▶ [Data]:
##########

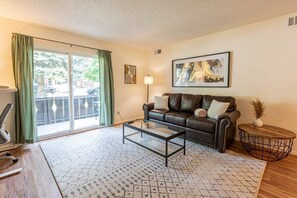 TV, offices - Experience Boulder: 1BR With all the Local Charm (Boulder)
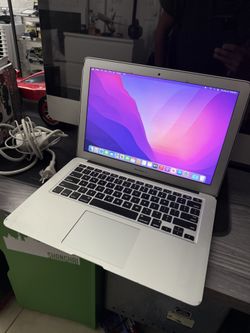Apple MacBook Air Laptop 2017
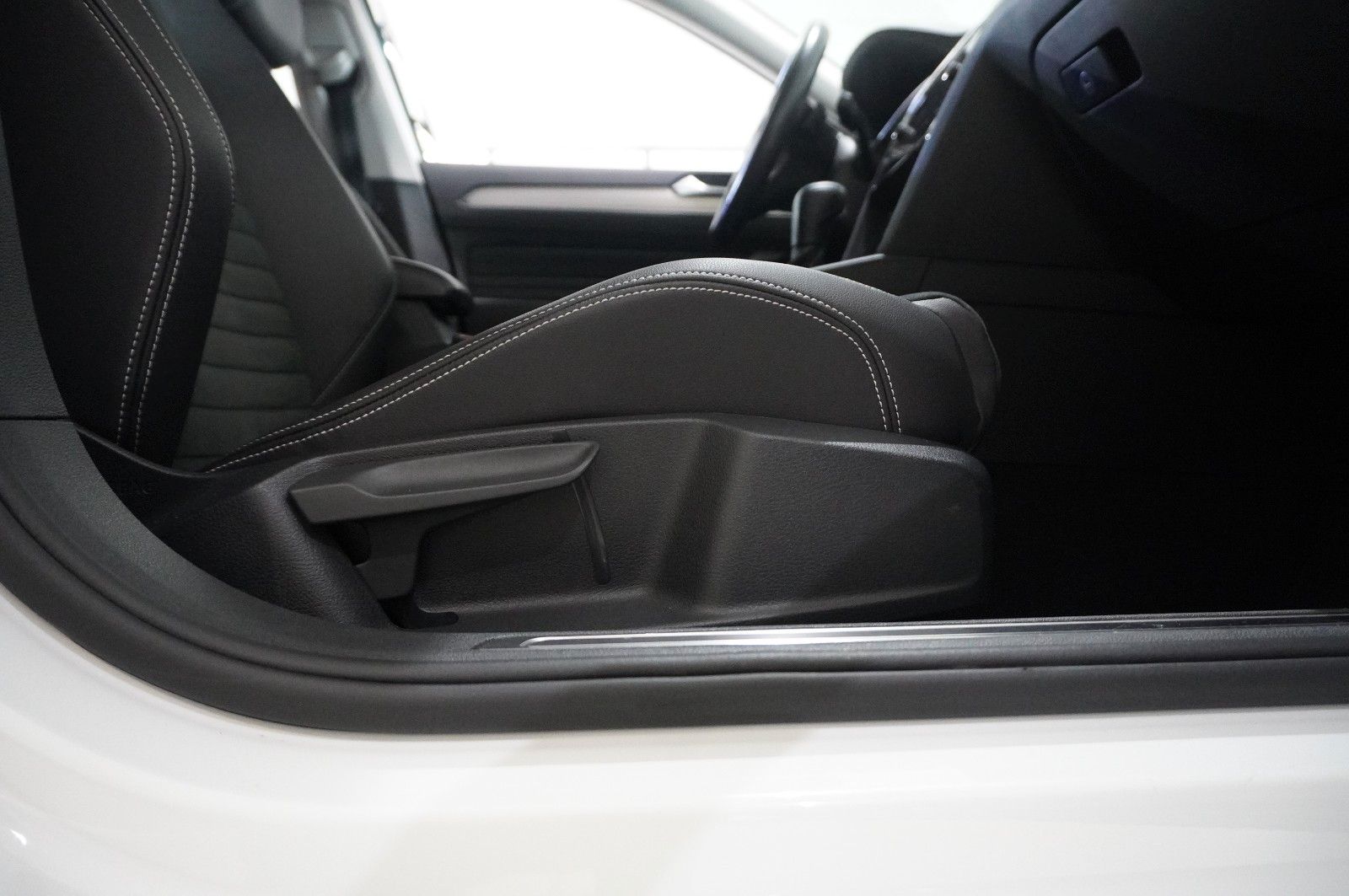 Fahrzeugabbildung Volkswagen Passat VARI. 2.0D R-LINE 4M NAVI/LED/KAMERA/AHK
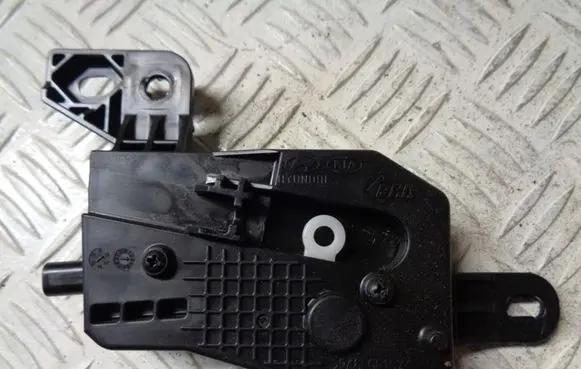 KIA Ceed Fuel tank cap lock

##########

▶ [Try it]: Everything in the listing above must be restated word for word, except the images.

▶ [Task solution]:
 TV, offices - Experience Boulder: 1BR With all the Local Charm (Boulder)
Apple MacBook Air Laptop 2017
 Fahrzeugabbildung Volkswagen Passat VARI. 2.0D R-LINE 4M NAVI/LED/KAMERA/AHK
 KIA Ceed Fuel tank cap lock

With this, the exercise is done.